Regarding idle_in_transaction_session_timeout, this seems true. But
I was thinking that idle_session_timeout doesn't cause this issue because
it doesn't close the connection in the middle of transaction. No?


> 
> So, IMO, we can still have both server level option as well as
> postgres_fdw contrib level GUC (to tell the local session that "I
> don't want to keep any foreign connections active" instead of setting
> keep_connection server level option for each foreign server).
> 
>> Sorry I've not read the past long discussion about this feature. If there is the consensus that these options are
stillnecessary and useful even when we have idle_session_timeout, please correct me.
 
>>
>> ISTM that it's intuitive (at least for me) to add this kind of option into the foreign server. But I'm not sure if
it'sgood idea to expose the option as GUC. Also if there is the consensus about this, please correct me.
 
> 
> See here [1].
> 
> [1] - https://www.postgresql.org/message-id/f58d1df4ae58f6cf3bfa560f923462e0%40postgrespro.ru

Thanks!


Here are some review comments.

-            (used_in_current_xact && !keep_connections))
+            (used_in_current_xact &&
+            (!keep_connections || !entry->keep_connection)))

The names of GUC and server-level option should be the same,
to make the thing less confusing?

IMO the server-level option should override GUC. IOW, GUC setting
should be used only when the server-level option is not specified.
But the above code doesn't seem to do that. Thought?

Regards,

-- 
Fujii Masao
Advanced Computing Technology Center
Research and Development Headquarters
NTT DATA CORPORATION



On Tue, Feb 2, 2021 at 9:45 AM Fujii Masao <masao.fujii@oss.nttdata.com> wrote:
> One merit of keep_connections that I found is that we can use it even
> when connecting to the older PostgreSQL that doesn't support
> idle_session_timeout. Also it seems simpler to use keep_connections
> rather than setting idle_session_timeout in multiple remote servers.
> So I'm inclined to add this feature, but I'd like to hear more opinions.

Thanks.

> > And, just using idle_session_timeout on a remote server may not help
> > us completely. Because the remote session may go away, while we are
> > still using that cached connection in an explicit txn on the local
> > session. Our connection retry will also not work because we are in the
> > middle of an xact, so the local explicit txn gets aborted.
>
> Regarding idle_in_transaction_session_timeout, this seems true. But
> I was thinking that idle_session_timeout doesn't cause this issue because
> it doesn't close the connection in the middle of transaction. No?

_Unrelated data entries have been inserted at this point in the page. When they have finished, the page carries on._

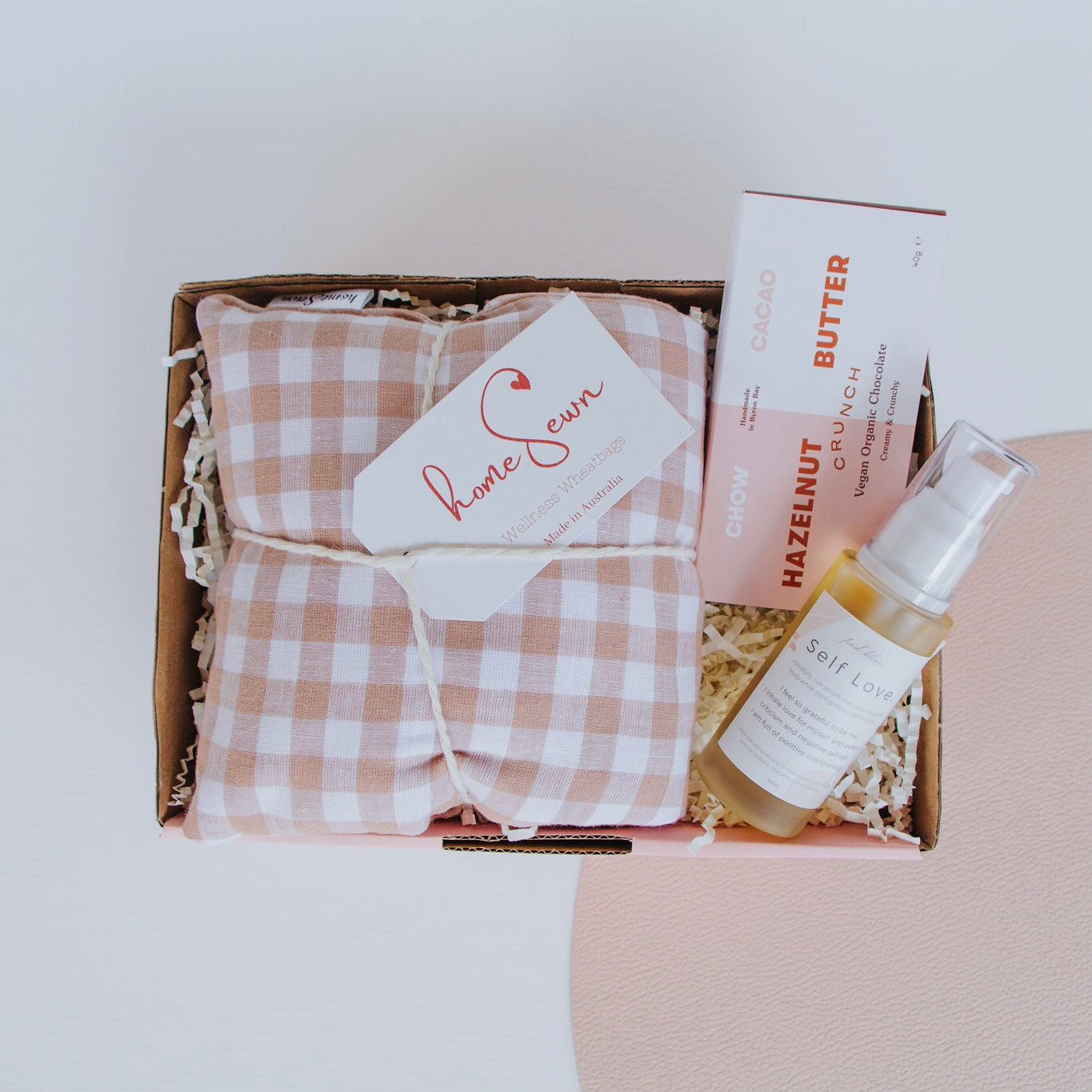 Blush - Gift Box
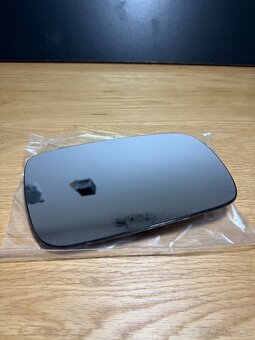 Škoda Octavia 1 Zrcátka - 5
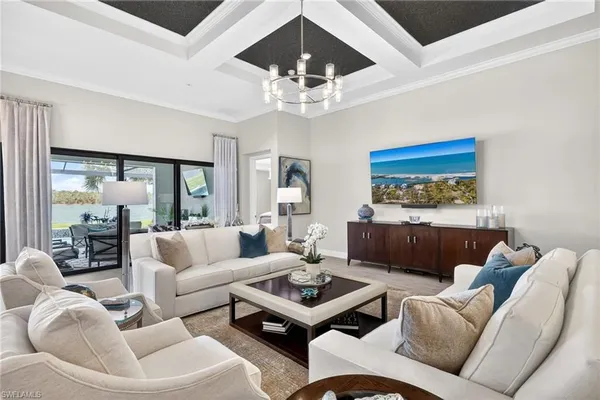 Property Slideshow image 2 of 50 | 19257 aqua shore dr, Fort Myers, FL, 33913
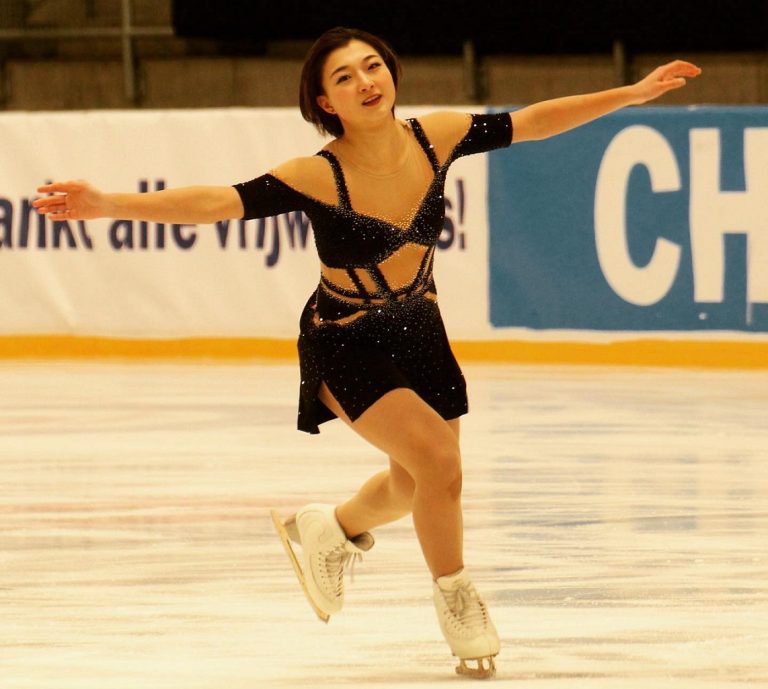 Kaori Sakamotová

You are right. idle_session_timeout doesn't take effect when in the
middle of an explicit txn. I missed this point.

> Here are some review comments.
>
> -                       (used_in_current_xact && !keep_connections))
> +                       (used_in_current_xact &&
> +                       (!keep_connections || !entry->keep_connection)))
>
> The names of GUC and server-level option should be the same,
> to make the thing less confusing?

We can have GUC name keep_connections as there can be multiple
connections within a local session and I can change the server level
option keep_connection to keep_connections because a single foreign
server can have multiple connections as we have seen that in the use
case identified by you. I will change that in the next patch set.

> IMO the server-level option should override GUC. IOW, GUC setting
> should be used only when the server-level option is not specified.
> But the above code doesn't seem to do that. Thought?

Note that default values for GUC and server level option are on i.e.
connections are cached.

The main intention of the GUC is to not set server level options to
false for all the foreign servers in case users don't want to keep any
foreign server connections. If the server level option overrides GUC,
then even if users set GUC to off, they have to set the server level
option to false for all the foreign servers.

So, the below code in the patch, first checks the GUC. If the GUC is
off, then discards the connections. If the GUC is on, then it further
checks the server level option. If it's off discards the connection,
otherwise not.

I would like it to keep this behaviour as is. Thoughts?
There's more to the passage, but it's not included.